Keith: STITCHED is very much a war story. William Gravel’s adventures in the STRANGE KILLINGS and GRAVEL series, which you co-wrote and illustrated, also called for lots of military hardware and combat. How does the visual depiction of STITCHED differ from your previous work?
Mike: Actually, STITCHED is very similar to GRAVEL in that we have some very otherworldly events occurring in very real-world settings. Maybe one of the reasons that I got this gig is because I strive for the most realistic locations, backgrounds, and props that I can draw. If we’re in a totally believable world, we want to hammer home the horror aspects of the stories and kind of put them into the realm of possibility for readers by contrasting the fantastic with the mundane. At least, that’s my hope. Horrors encountered in a fantasy realm aren’t so shocking, because we’re predisposed to the thinking that anything can happen. But if that same horror occurs in a Wal-Mart parking lot, it’s shocking because it’s totally out of place and unexpected. Okay, maybe that’s a bad example…

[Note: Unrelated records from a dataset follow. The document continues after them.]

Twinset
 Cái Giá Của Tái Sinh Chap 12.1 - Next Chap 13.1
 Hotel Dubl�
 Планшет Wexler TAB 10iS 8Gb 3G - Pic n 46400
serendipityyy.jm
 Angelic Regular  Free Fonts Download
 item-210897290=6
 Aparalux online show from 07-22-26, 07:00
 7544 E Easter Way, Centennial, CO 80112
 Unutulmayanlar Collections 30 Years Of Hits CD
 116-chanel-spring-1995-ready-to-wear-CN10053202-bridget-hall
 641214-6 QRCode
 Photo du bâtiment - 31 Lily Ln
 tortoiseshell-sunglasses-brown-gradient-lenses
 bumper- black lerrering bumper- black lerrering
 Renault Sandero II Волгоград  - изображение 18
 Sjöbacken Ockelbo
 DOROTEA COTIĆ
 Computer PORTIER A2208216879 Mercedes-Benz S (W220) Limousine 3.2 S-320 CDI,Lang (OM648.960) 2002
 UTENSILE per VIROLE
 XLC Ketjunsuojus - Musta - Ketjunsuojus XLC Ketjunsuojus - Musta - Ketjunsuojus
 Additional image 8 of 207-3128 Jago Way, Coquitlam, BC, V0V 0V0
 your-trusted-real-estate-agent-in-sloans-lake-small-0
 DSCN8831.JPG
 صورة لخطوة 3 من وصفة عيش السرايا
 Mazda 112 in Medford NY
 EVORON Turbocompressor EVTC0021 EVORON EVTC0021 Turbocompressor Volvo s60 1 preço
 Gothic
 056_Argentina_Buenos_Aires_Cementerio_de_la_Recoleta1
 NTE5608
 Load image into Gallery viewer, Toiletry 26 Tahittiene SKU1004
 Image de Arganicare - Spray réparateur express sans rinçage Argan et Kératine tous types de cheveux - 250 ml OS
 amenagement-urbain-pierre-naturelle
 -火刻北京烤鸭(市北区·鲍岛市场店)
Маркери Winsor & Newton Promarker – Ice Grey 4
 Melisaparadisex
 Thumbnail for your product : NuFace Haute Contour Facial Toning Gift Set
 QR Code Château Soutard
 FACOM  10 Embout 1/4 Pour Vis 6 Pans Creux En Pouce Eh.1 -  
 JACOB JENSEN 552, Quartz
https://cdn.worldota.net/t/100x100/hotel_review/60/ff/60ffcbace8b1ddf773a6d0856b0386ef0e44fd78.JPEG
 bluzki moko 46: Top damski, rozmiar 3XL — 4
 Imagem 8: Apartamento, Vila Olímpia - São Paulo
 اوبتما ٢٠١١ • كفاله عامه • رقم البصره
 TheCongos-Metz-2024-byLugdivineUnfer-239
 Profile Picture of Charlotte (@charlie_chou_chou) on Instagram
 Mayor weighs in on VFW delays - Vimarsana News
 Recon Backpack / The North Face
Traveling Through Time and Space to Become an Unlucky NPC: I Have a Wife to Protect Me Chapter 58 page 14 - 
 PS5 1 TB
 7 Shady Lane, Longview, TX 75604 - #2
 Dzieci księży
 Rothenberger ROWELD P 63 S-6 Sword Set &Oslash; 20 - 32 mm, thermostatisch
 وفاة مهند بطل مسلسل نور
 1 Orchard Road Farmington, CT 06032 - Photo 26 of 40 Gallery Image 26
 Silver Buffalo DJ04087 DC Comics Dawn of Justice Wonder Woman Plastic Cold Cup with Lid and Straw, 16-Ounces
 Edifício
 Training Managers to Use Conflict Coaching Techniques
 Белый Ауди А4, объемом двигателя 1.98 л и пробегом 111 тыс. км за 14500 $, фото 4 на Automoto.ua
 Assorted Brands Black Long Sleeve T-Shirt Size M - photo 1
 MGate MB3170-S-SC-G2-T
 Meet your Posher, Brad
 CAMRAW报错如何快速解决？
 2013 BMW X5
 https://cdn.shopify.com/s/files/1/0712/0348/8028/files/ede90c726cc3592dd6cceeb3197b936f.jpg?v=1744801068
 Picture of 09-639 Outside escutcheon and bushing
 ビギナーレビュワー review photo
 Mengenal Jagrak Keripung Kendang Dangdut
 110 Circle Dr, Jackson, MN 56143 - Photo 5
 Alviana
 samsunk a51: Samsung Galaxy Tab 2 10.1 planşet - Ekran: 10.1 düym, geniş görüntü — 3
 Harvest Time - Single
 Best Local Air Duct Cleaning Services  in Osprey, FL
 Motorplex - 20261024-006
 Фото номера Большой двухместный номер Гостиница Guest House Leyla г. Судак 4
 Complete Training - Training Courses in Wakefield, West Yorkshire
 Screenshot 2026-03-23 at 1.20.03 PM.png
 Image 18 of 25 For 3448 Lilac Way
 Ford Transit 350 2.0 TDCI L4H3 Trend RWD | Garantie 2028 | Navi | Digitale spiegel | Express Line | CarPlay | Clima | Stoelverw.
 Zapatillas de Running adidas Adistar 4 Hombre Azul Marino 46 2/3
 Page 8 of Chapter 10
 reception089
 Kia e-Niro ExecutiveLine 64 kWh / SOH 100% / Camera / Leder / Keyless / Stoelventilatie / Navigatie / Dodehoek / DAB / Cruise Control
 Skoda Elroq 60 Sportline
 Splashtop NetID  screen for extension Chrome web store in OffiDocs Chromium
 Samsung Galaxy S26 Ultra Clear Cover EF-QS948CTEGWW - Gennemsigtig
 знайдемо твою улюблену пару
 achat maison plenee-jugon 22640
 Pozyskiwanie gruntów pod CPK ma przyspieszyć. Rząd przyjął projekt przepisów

Keith: You’ve worked on a lot of horror books in your career, so I’m going to say you’re an absolute authority on the subject. From that perspective, how would you rate the horror seen in the STITCHED series, and specifically in the Stitched monsters themselves?
Mike: Do I now owe you money for giving me that compliment? How would I rate the horror… Hmmm. Okay, let’s put it this way – I’ve done zombies in NIGHT OF THE LIVING DEAD, magically-powered protagonists in GRAVEL and LADY DEATH. But in STITCHED, this is a new kind of horror, and if you’re expecting another CROSSED, you’re wrong. I think this is the scariest thing I’ve done, because these creatures aren’t pathological, hereditary, or fantasy-realm horrors. They’re the dark products of black magic, and with that said, anything is possible… and actually, everything is probable.
Keith: Without giving too much away, what’s in store for STITCHED beyond the first story arc?
Mike: Well, you said it yourself, “Without giving too much away,” so yes, I can’t say much at this point. But I can tell you that the threat of the Stitched is not relegated only to war-torn Afghanistan. That’s where this modern terror has its roots, but we’re going to find that those roots go back centuries, and unlike the uncontrolled spread of zombie viruses or Crossed plagues, the Stitched might be the most destructive force of all, because their acts are not impulsive or instinctual. They are directed by subversive, human intelligence. Evil human intelligence.
Keith: Who is the STITCHED comic book going to appeal to? How would you describe the STITCHED fan?
Mike: I think STITCHED will appeal to a wide cross-section of readers, much the way CROSSED has surprisingly captured the imaginations of such a diverse readership, despite its intensely-graphic depictions of torture and depravity. STITCHED is a unique animal. “Classic” horror fans will enjoy the supernatural elements. Warfare buffs will be drawn to the cast and backdrop of the story. Anyone who loves Garth’s writing will have a new buffet of very real, interpersonal relationships and cracking-good dialog to savor. And gore hounds will enjoy things being done to human bodies that defy description. So, you know, there’s a little bit for everyone… except the kiddies. Sorry!